Adoption of a new technology in commercial medium- and heavy-duty electric vehicles is largely influenced by its cost compared to alternatives.

By studying a crucial metric—the total cost of ownership—a new research from the National Renewable Energy Laboratory (NREL) attempts to define the conditions under which battery electric or fuel cell electric commercial vehicles offer economic advantages over regular diesel-fueled trucks (TCO).

NREL researchers used the new T3CO model to calculate all direct and indirect costs for each powertrain technology in three truck vocations: Class 8 long-haul (500–750 miles), Class 8 short-haul (300 miles), and Class 4 package delivery (120-mile range). Researchers examined the powertrains over a variety of periods to show how lower battery and hydrogen fuel prices are critical to advancing medium- and heavy-duty vehicle electrification.

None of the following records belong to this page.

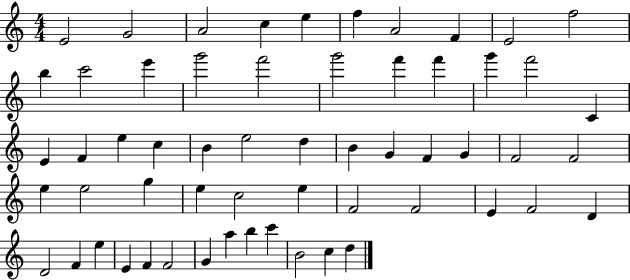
{
  \clef treble
  \numericTimeSignature
  \time 4/4
  \key c \major
  e'2 g'2 | a'2 c''4 e''4 | f''4 a'2 f'4 | e'2 f''2 | \break b''4 c'''2 e'''4 | g'''2 f'''2 | g'''2 f'''4 f'''4 | g'''4 f'''2 c'4 | \break e'4 f'4 e''4 c''4 | b'4 e''2 d''4 | b'4 g'4 f'4 g'4 | f'2 f'2 | \break e''4 e''2 g''4 | e''4 c''2 e''4 | f'2 f'2 | e'4 f'2 d'4 | \break d'2 f'4 e''4 | e'4 f'4 f'2 | g'4 a''4 b''4 c'''4 | b'2 c''4 d''4 | \break \bar "|."
}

“Our analysis suggests that cost control for refueling and recharging should be a significant emphasis for future research and development,” Hunter added. “The TCO of the battery and fuel cell electric trucks examined in this research is heavily influenced by electricity and hydrogen fuel prices.”

The Advanced Research on Integrated Energy Systems (ARIES) research platform at NREL will help with R&D to accomplish these technological breakthroughs and cost savings.

Schroeder stated, “One of the major consequences of this study is that it helps us refine future research objectives.” “The ARIES platform at NREL is specifically intended to enable cost-effective megawatt-scale charging and high-throughput hydrogen fueling,” says the company.

This comprehensive technology comparison leverages TCO studies developed by other DOE national laboratories and represents significant coordination across the US Department of Energy’s Office of Energy Efficiency and Renewable Energy’s Hydrogen and Fuel Cell Technologies Office and Vehicle Technologies Office.